By defendant's instruction Number Four the jury was told that the plaintiff could not recover if the jury believed from the evidence that the plaintiff's intestate "was guilty of any negligence, however slight, which contributed proximately to the happening of the accident" involved in the suit. The criticism is leveled at the words "however slight". It is said that the presence of those words in the instruction rendered it prejudicially erroneous in that they "unnecessarily emphasized in the mind of the jury the question of decedent's want of care and caution". We are impressed that this phrase does not involve prejudice when it is read in conjunction with the immediately attending and limiting phrase "which contributed proximately to the happening of the accident". When negligence of a person has contributed to his own injury (the doctrine of last clear chance being excluded under the facts), he cannot recover damages of another concurrently negligent, and it makes no difference whether the complaining party's negligence was great or small, if it contributed proximately to his injury. A similar instruction was considered by this court in Roberts v. Baltimore O. Railroad Co., 72 W. Va. 370, 375, 78 S.E. 357. There, the jury was told by the designated instruction that the plaintiff could not recover if his negligence in any degree contributed to his injury received by colliding with a railroad train at a public crossing. The instruction was approved.
Defendant's instruction Number Four, at bar, may be contrasted with an instruction which was under consideration in the recent case of Willhide v. Biggs, 118 W. Va. 160, 188 S.E. 876. We disapproved an instruction, therein brought under appraisal, which told the jury that if they should find from all the evidence that the plaintiff was guilty of any negligence which helped to bring about or produce the injury complained of, they should find for the defendants. The word "helped" has no place in a contributory negligence instruction, and then, too, the instruction contained no such limiting phrase as, for example, "which contributed proximately to the injury complained of". We there stated that to defeat recovery, the plaintiff's negligence must have been such, that, without it, the injury would not have resulted, subject, of course, to the doctrine of last clear chance. The instruction at bar safeguards the situation by the employment of the limiting phrase quoted and discussed. Considering also the facts at bar, it is evident the injury would not have resulted to the deceased but for his negligence.

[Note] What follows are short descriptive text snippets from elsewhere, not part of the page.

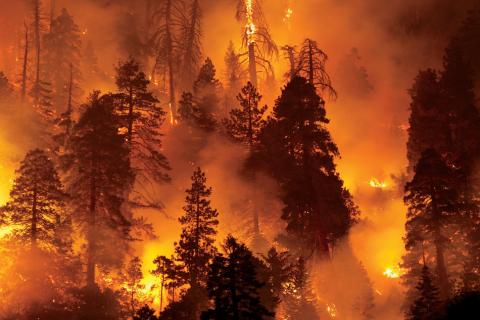Povećana opasnost od šumskih požara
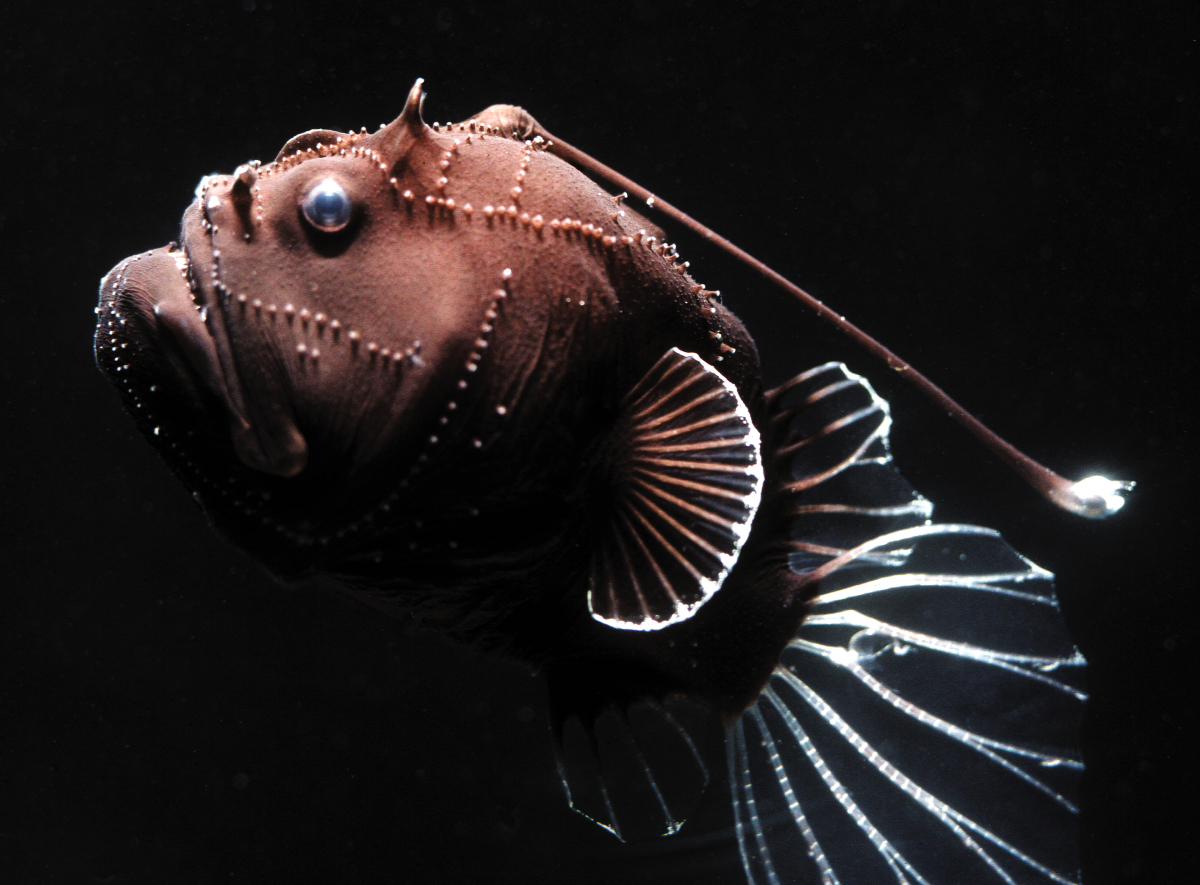 Bizarre Deep Sea Creatures 29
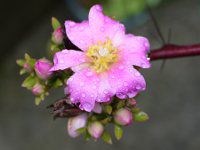 �y���X�L�A�E�O�����f�B�t�H���A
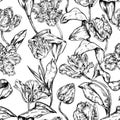 Vintage hand drawn realistic vector tulip seamless Royalty Free Stock Photo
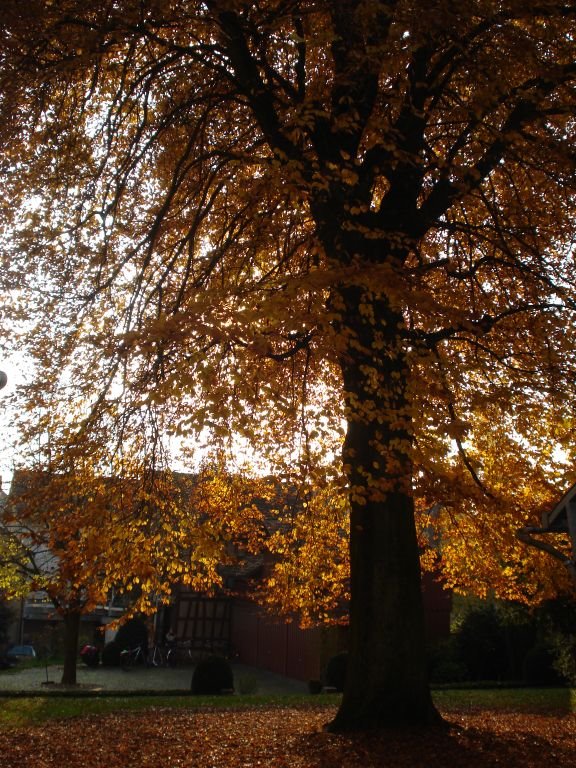 Herbststimmung hinter dem Rathaus by Thomas Merz-Abt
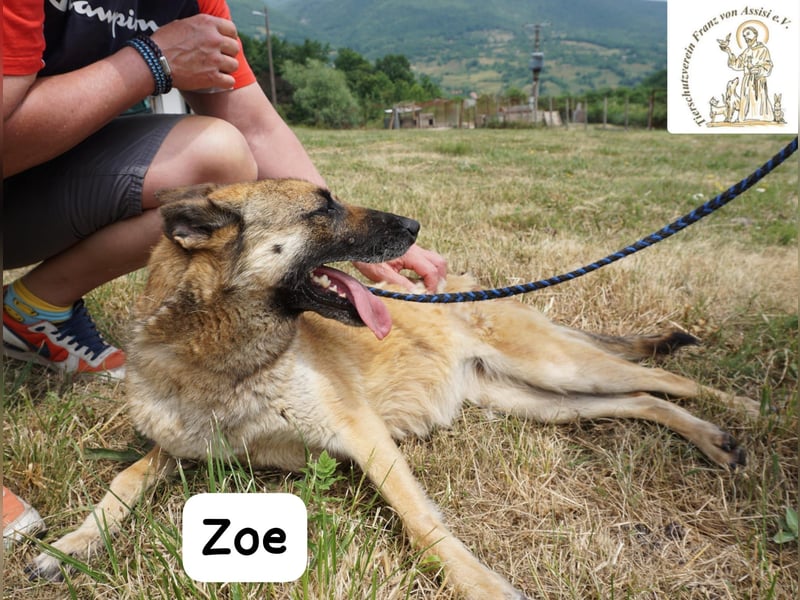 Zoe – Ein Wirbelwind? Nein. Ein Sonnenschein mit Schubkraft!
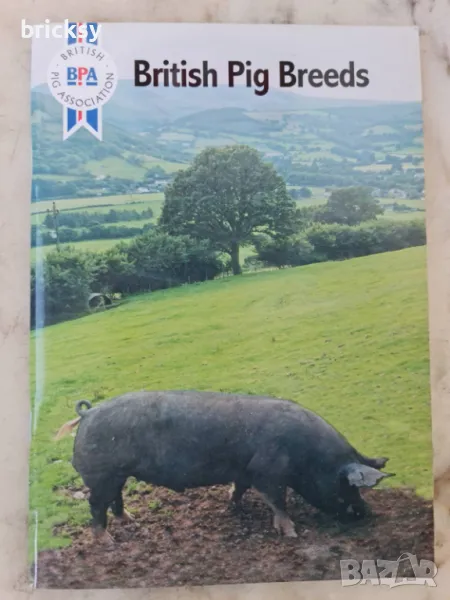 British pig breeds handbook, снимка 1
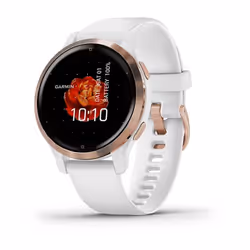 Garmin Venu 2S 40mm Tactile Or rose Wifi GPS (satellite)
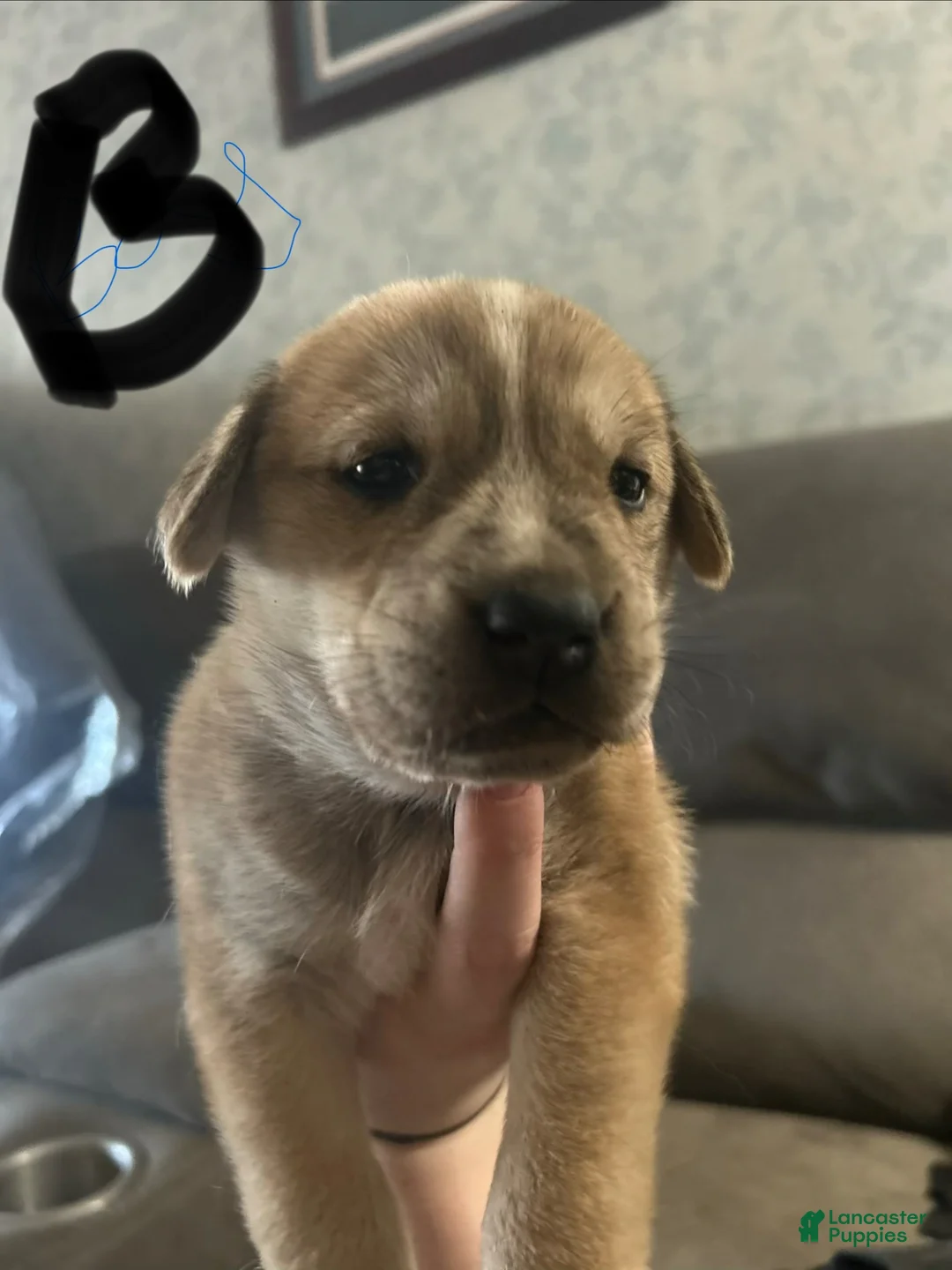 Mixed Breed dogs for sale: Mixed Breed Puppy 1 - Ad 1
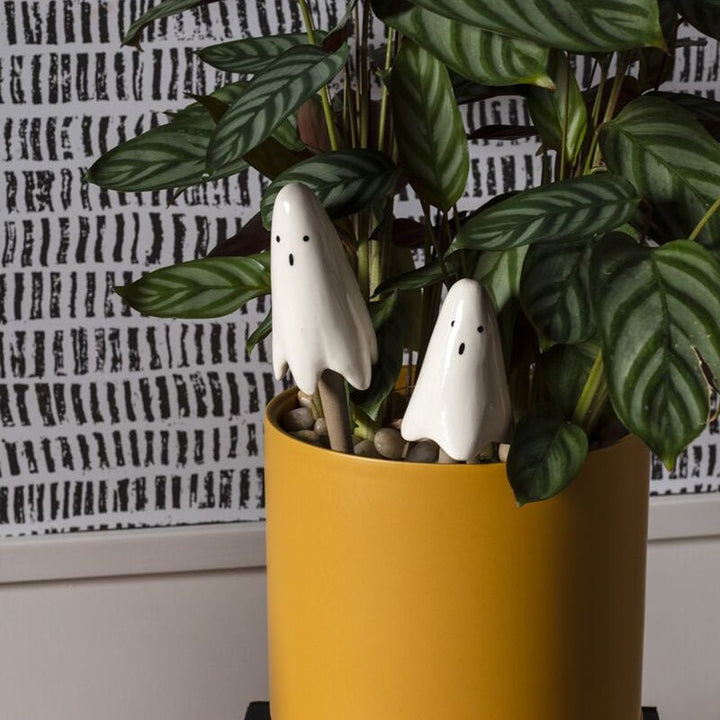 Ghost Plant Sticks Set - Merry Pigletsaccent decor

The jury was told by defendant's instruction Number Five that if they believed from the evidence the fatal injury of plaintiff's decedent was the proximate result of concurrent negligence of both the said decedent and the agent of the defendant, there could be no recovery. This instruction presents a fundamental postulate of the law of negligence. Excluding from this case, as we must, for the reasons hereinabove set forth, the applicability of the doctrine of last clear chance, this instruction was not erroneous.
These considerations lead us to the conclusion that there was no prejudicial error in the trial, and that the verdict of the jury should be upheld. Therefore, we reverse the judgment of the trial court, reinstate the verdict and enter here a judgment of nil capiat.